The Merger Agreement Myth

The following post comes to us from Jeffrey Manns, Associate Professor of Law at The George Washington University Law School, and Robert Anderson IV, Associate Professor of Law at Pepperdine University School of Law.

Practitioners and academics have long assumed that markets value the deal-specific legal terms of merger agreements yet have failed to subject this premise to empirical scrutiny. Mergers are high-stakes events, so it is unsurprising that the conventional wisdom posits that value is at stake in drafting acquisition agreements and negotiating conditions, “fiduciary out” clauses, and deal protection provisions. The question is whether financial markets price the highly negotiated legal terms of acquisition agreements or only value the financial terms forged by management and bankers. The challenge in answering this question is the difficulty in separating the market impact of the merger announcement (and disclosure of financial terms) from the disclosure of the legal terms, since these events occur in close proximity.

We conduct an empirical study that shows that markets do not respond in an economically significant way to the deal-specific legal terms of M&A agreements. We collected a data set of public company cash mergers spanning the decade from 2002 to 2011 and applied a modified event study to test statistically whether the market reacted to the disclosure of merger agreements. We analyze market reactions by exploiting the (small) temporal gap between the announcement of pending mergers (which lays out their financial terms) and the disclosure of acquisition agreements (which delineate the legal terms) typically one to four trading days later. We find that markets react almost exclusively to the initial merger announcement, and there is no economically consequential market reaction to the disclosure of the acquisition agreement. This finding implies that the extensive negotiations over deal-specific legal terms are not priced into financial market valuation.

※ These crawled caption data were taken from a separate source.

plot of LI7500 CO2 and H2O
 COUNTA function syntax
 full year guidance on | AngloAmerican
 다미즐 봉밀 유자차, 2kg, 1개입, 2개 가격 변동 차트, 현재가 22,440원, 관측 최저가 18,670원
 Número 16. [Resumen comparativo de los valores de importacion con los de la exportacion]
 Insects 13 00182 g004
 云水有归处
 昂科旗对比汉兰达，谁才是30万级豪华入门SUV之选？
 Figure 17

This article considers a range of potential explanations for the lack of market response to the legal terms of acquisition agreements, such as market expectations about the deal terms and the slowness of markets to understand the implications of merger terms. However, we argue that the most compelling logic for markets’ dismissing the legal terms of merger agreements is found not in the merger agreements themselves, but in the strength of the motivations of corporate participants to complete publicly announced deals. Markets understand that the decision to merge appears driven by the hope (or often the hubris) of the greater potential returns for the combined company following the merger and the target company shareholders’ desire for the takeover premium. As a result, even though M&A lawyers carefully craft “walk-away” rights for the prospective acquirer, markets know the acquirer is highly unlikely to realize or exercise these rights. Markets recognize that both parties are strongly inclined to make whatever adjustments it takes to go through with the transaction in a friendly merger, and therefore dismiss any agreement provisions to the contrary to the point that the legal terms have little to no material impact on the target company’s price.

The conclusion that the legal terms of merger agreements do not move financial markets has the potential to result in a sea change in the assumptions about the workings of M&A law. We argue that the unwillingness to walk away from a negotiated transaction ex post, which is manifested by the market’s non-response to walk-away rights, causes acquirers to over-invest in due diligence ex ante. This fact, in turn, results in a suboptimal number of deals being signed, as well as lower returns for the target and acquirer alike.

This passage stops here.